Key informants confirmed men's high decision-making power; they linked this to land ownership, income control and to the perception that looking for machine services or for hired labor requires leaving the domestic domain, to which women tend to be more restricted. They also spoke of new trends toward more joint decision-making, which are not reflected in the quantitative data. The question of how men and women construe joint decision-making can be considered only briefly but would merit further data collection. Key informants described two gender norms in this respect which—although contradicting each other—both underline men's authority. First, women should not preempt their husband's suggestions. As soon as men have made their proposals, their wives are expected to support them. Women who speak first may be seen as ‘unfittingly’ attempting to dominate their husband. Second, a woman may make suggestions to her husband. However, in all cases, he is taken as the final decision-maker in a joint process. Apart from this, a few respondents also mentioned households in which important agricultural decisions are considered as concerning not only the adult couple but the whole family and are taken at family meetings (vikao vya familia).

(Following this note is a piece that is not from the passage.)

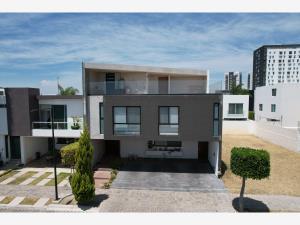 Casa en venta en Lomas de Angelópolis II, San Andrés Cholula, Puebla Casa en venta en Lomas de Angelópolis II, San Andrés Cholula, Puebla
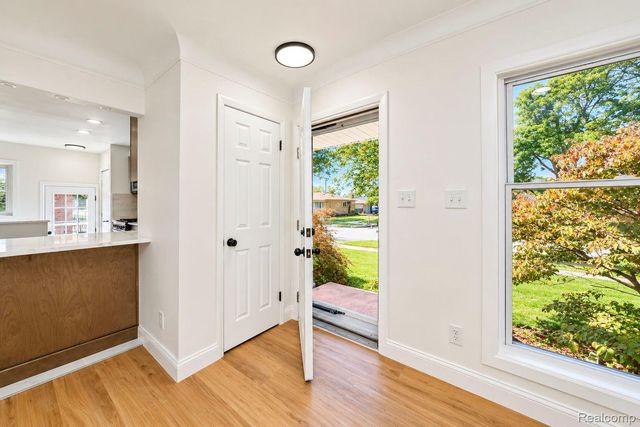 6700 Cronin Drive, Dearborn Heights, MI 48127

As a result, the response variable ‘joint decision-making’ in the survey has to be interpreted with care, since the data do not reveal whether it involves actual negotiation or consists only of informing others about unilateral decisions mainly taken by men (see Acosta et al., Reference Acosta, van Wessel, van Bommel, Ampaire, Twyman, Jassogne and Feindt2020). Further insights into intra-household processes are limited by the fact that only one person per household was interviewed.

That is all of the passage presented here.